BRIEF:
Could you set down only the lines from the one including "Ibis Budget Madrid Getafe Exteriör bild" to the end of the records below, inclusive and exact, leaving pictures out?

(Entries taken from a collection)
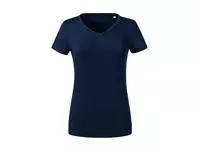 Ladies&#39; Pure Organic V-Neck Tee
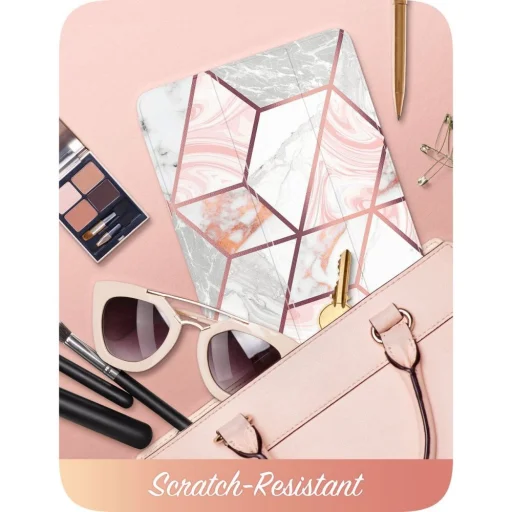 Supcase Cosmo Lite iPad Air 4 2020 / 5 2022 tok márvány mintás - 6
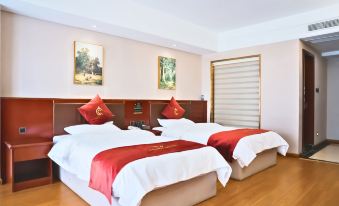 Yichen boutique hotel (university city store, Jinzhai south road, Hefei)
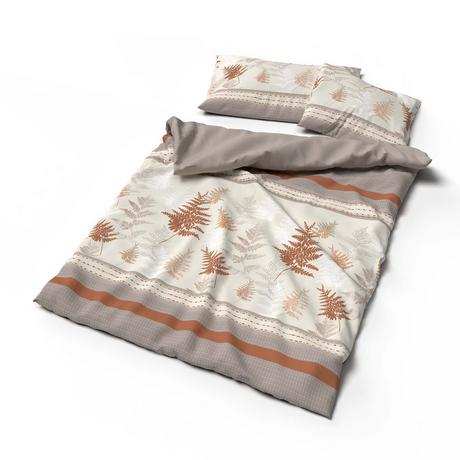 Lotus Bettwaren Lotus linge de lit satin Farn  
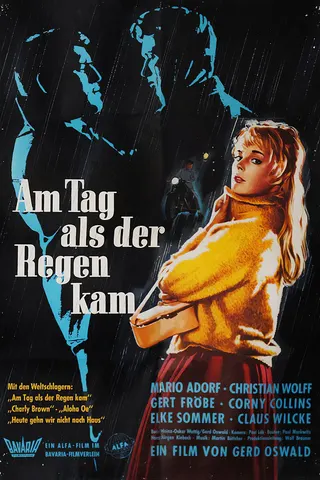 Görsel: TMDB The Day the Rains Came afişi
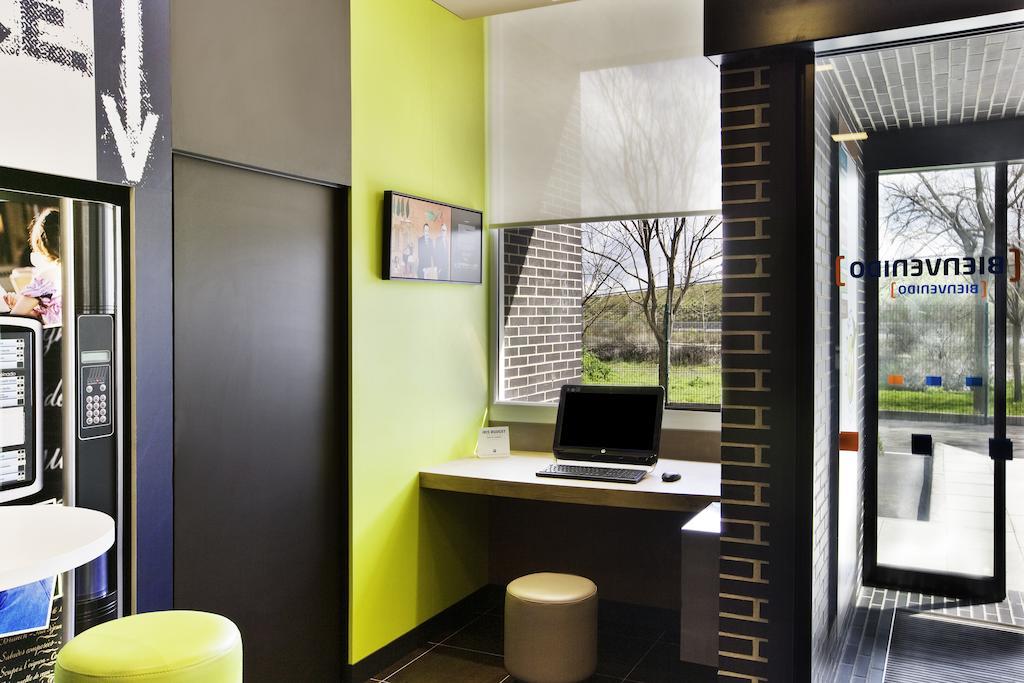 Ibis Budget Madrid Getafe Exteriör bild
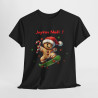 Tee Shirt Joyeux Noël avec Pain d'Épice en Skate – Pour Homme et Femme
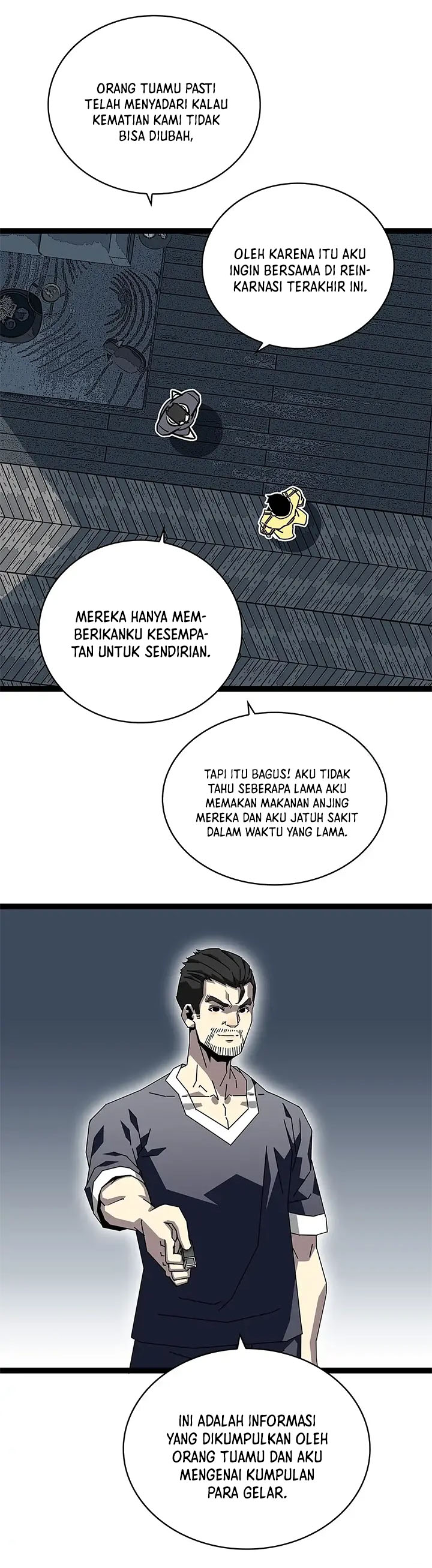 It All Starts with Playing Game Seriously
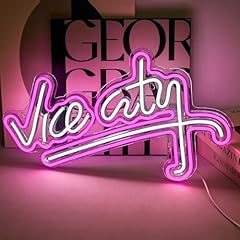 Vice city insegna usato  Spedito ovunque in Italia 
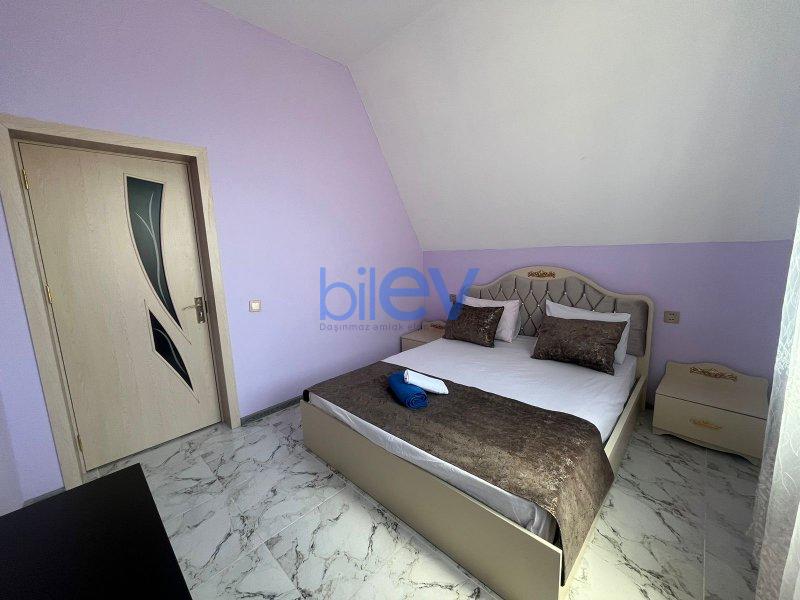 Kirayə (günlük) 4 otaqlı Aframe evlər  70m², Qəbələ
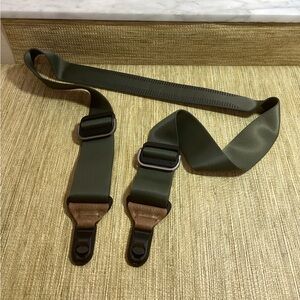 Peak Design Adjustable Olive Green Webbing Camera Strap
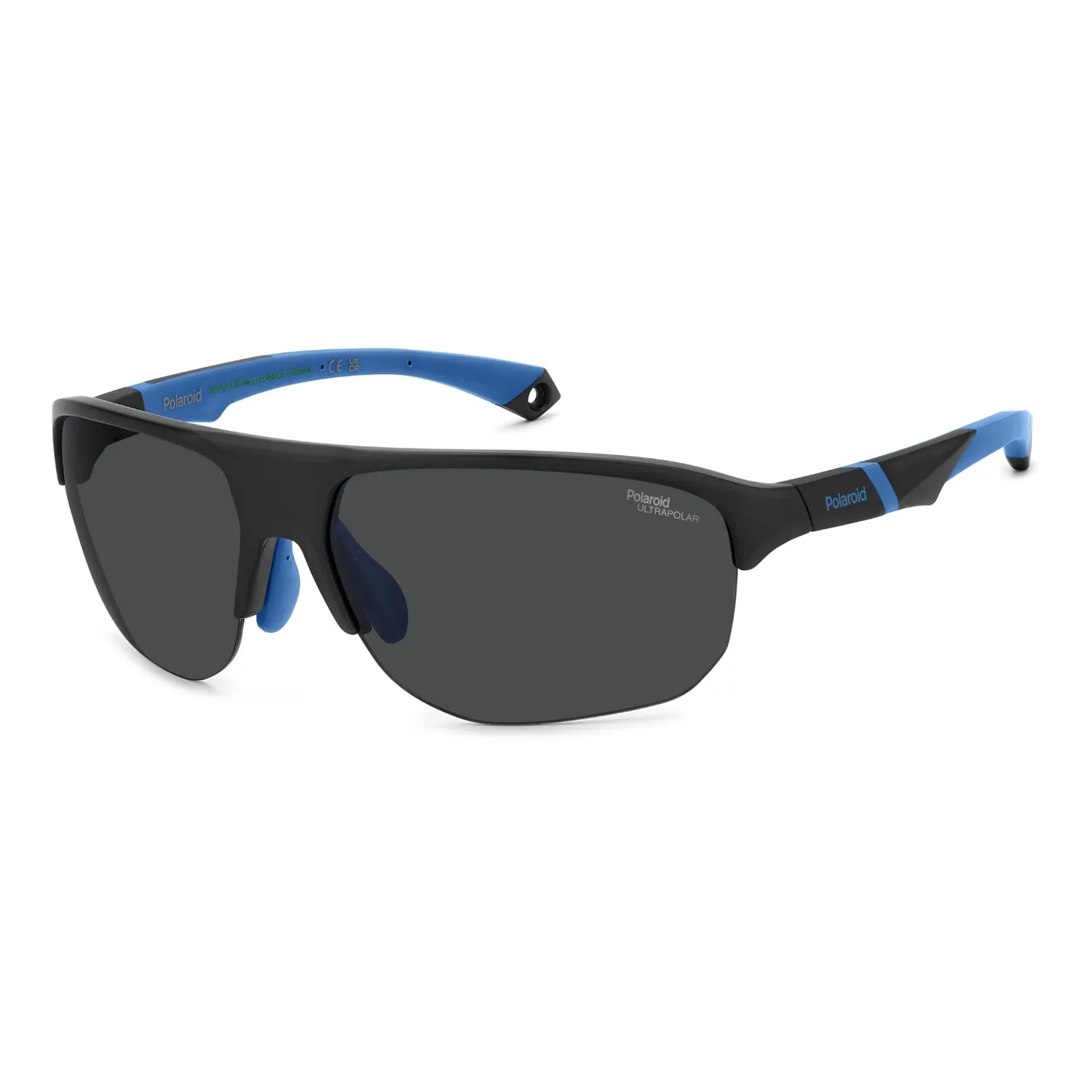 Polaroid PLD 7059/S Sonnenbrille Matt-Schwarz polarisiert
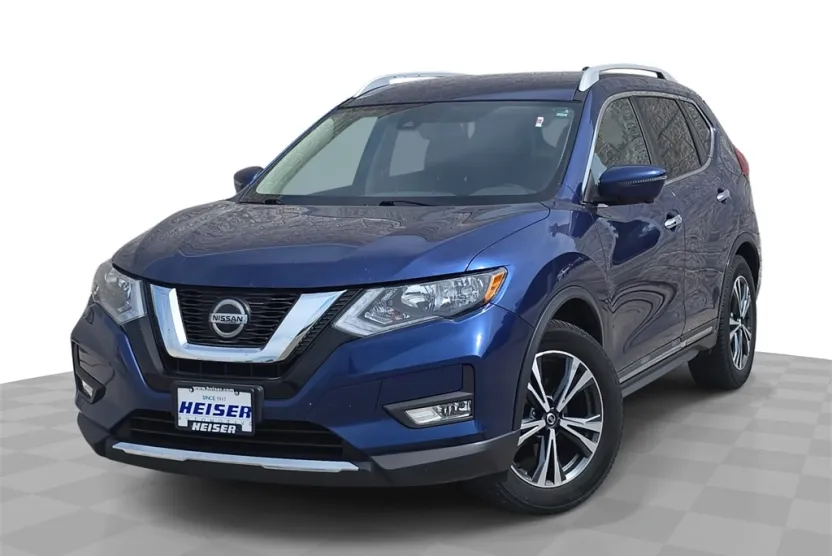 2018 Nissan Rogue SL photo 1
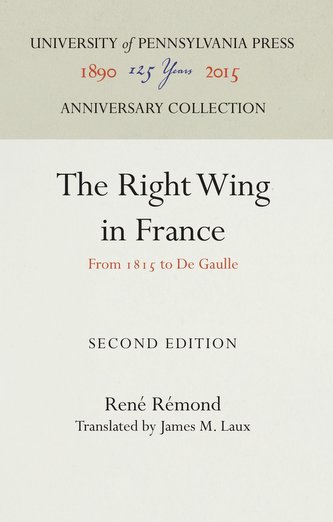 The Right Wing in France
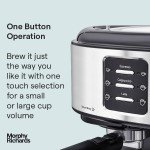 Morphy Richards Pump Espresso Coffee Machine with Frother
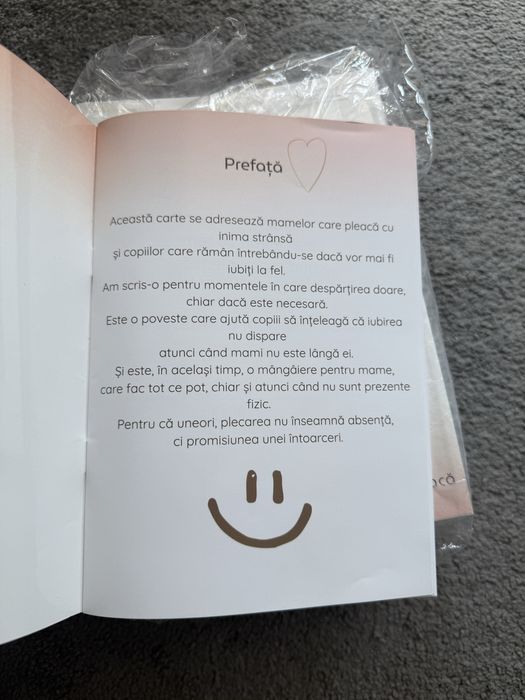 Carticica / carte copii “Mami se intoarce”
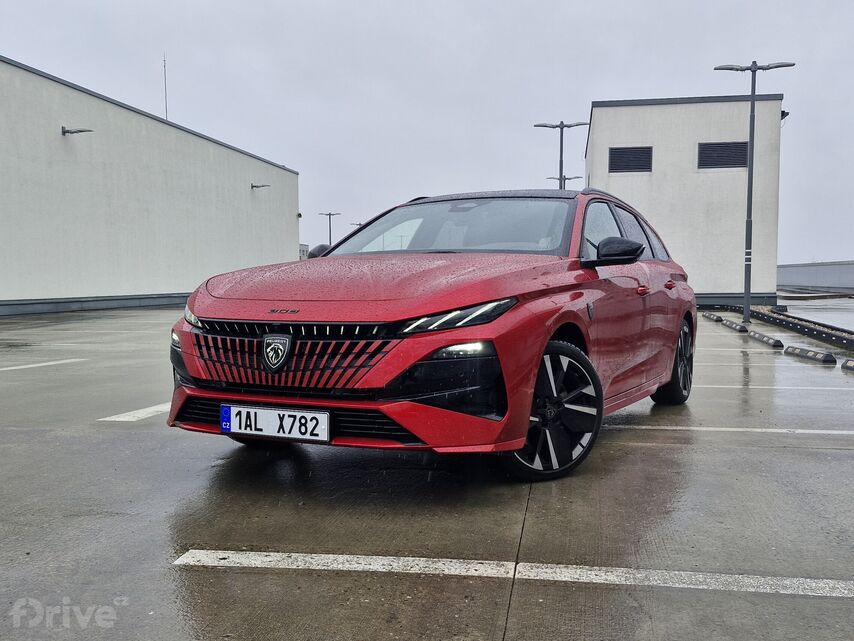 Peugeot 308 SW facelift (2026)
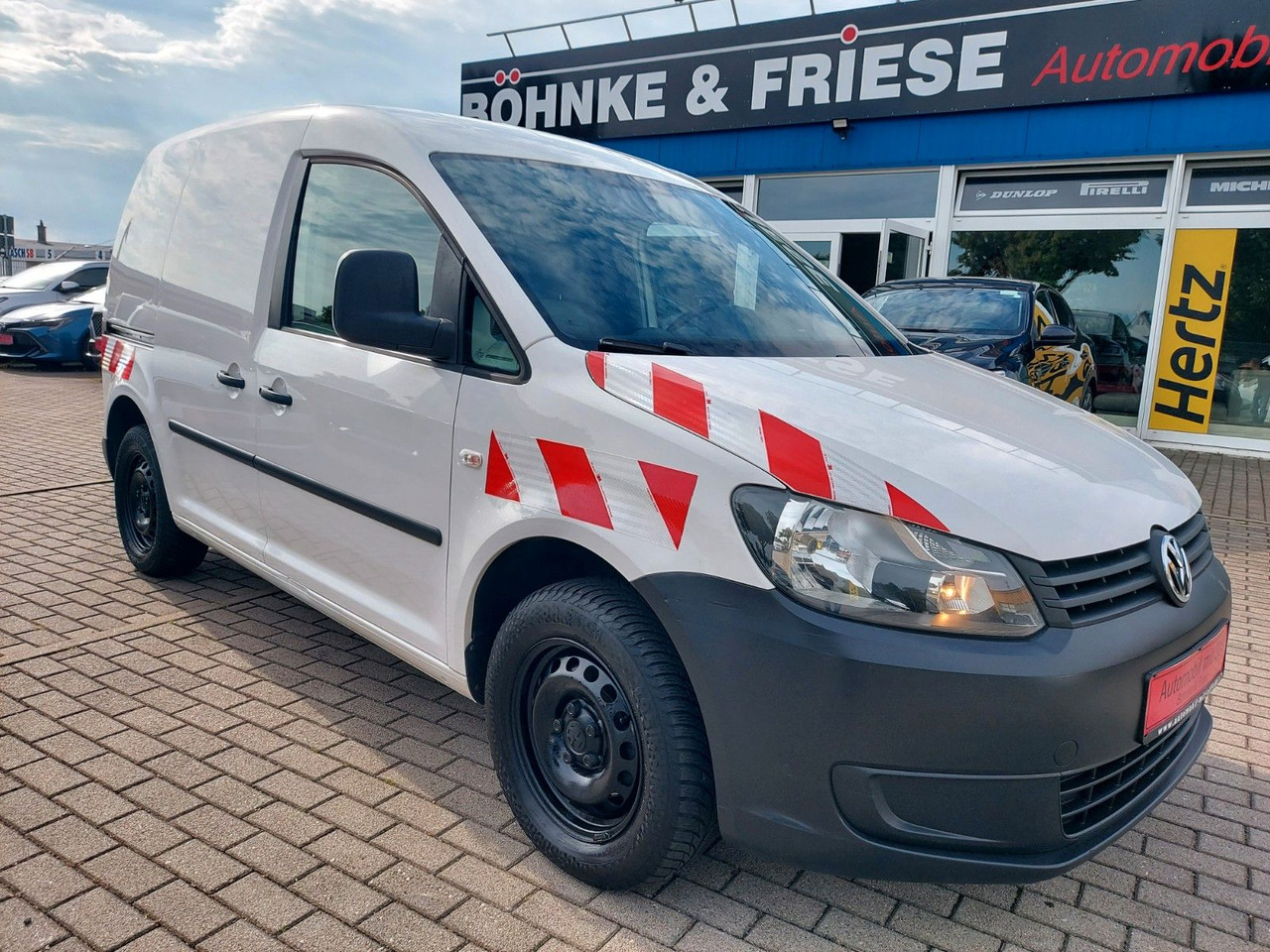 Volkswagen Caddy Kasten Kombi 2 Sitze Klima Bluetooth - Mikrobuss: pilt 3 Volkswagen Caddy Kasten Kombi 2 Sitze Klima Bluetooth - Mikrobuss: pilt 3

SOLUTION FOR THIS PROBLEM:
 Ibis Budget Madrid Getafe Exteriör bild
 Tee Shirt Joyeux Noël avec Pain d'Épice en Skate – Pour Homme et Femme
 It All Starts with Playing Game Seriously
 Vice city insegna usato  Spedito ovunque in Italia 
 Kirayə (günlük) 4 otaqlı Aframe evlər  70m², Qəbələ
 Peak Design Adjustable Olive Green Webbing Camera Strap
 Polaroid PLD 7059/S Sonnenbrille Matt-Schwarz polarisiert
 2018 Nissan Rogue SL photo 1
 The Right Wing in France
 Morphy Richards Pump Espresso Coffee Machine with Frother
 Carticica / carte copii “Mami se intoarce”
 Peugeot 308 SW facelift (2026)
 Volkswagen Caddy Kasten Kombi 2 Sitze Klima Bluetooth - Mikrobuss: pilt 3 Volkswagen Caddy Kasten Kombi 2 Sitze Klima Bluetooth - Mikrobuss: pilt 3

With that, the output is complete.